▶ [AIM OF THE EXERCISE]:
Without changing a word, copy every line of the listing below and leave out the images.

-*-*-

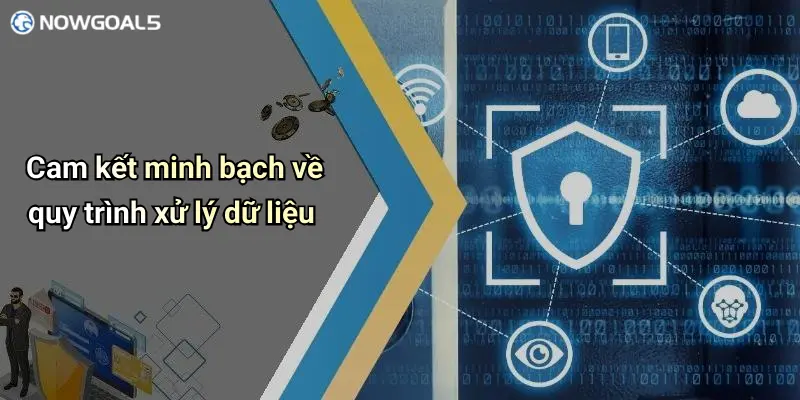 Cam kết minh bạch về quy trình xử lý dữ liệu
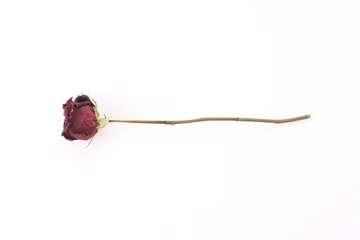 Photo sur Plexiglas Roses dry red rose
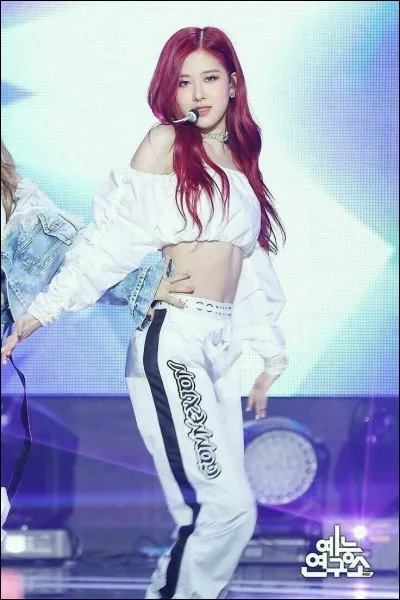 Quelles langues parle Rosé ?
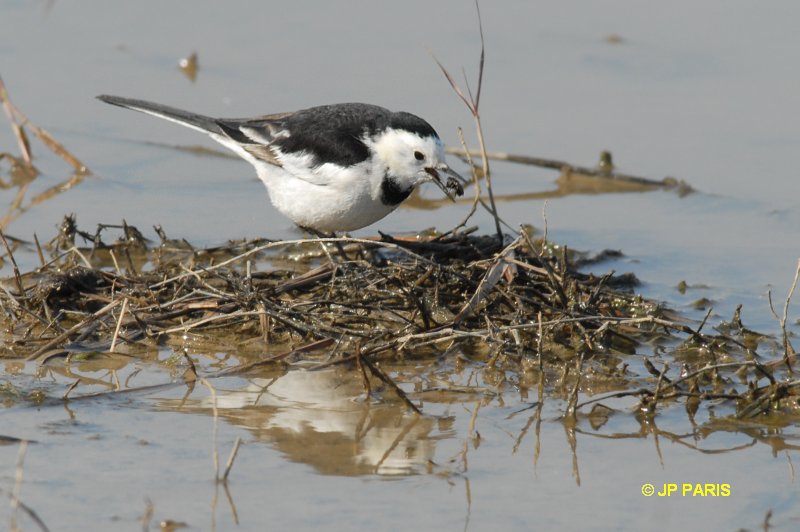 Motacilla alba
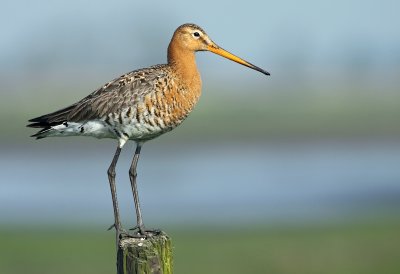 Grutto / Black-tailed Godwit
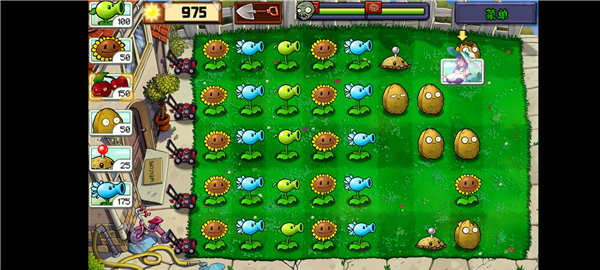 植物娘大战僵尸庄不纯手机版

-*-*-

▶ [ANSWER AREA]:
 Cam kết minh bạch về quy trình xử lý dữ liệu
 Photo sur Plexiglas Roses dry red rose
 Quelles langues parle Rosé ?
 Motacilla alba
 Grutto / Black-tailed Godwit
 植物娘大战僵尸庄不纯手机版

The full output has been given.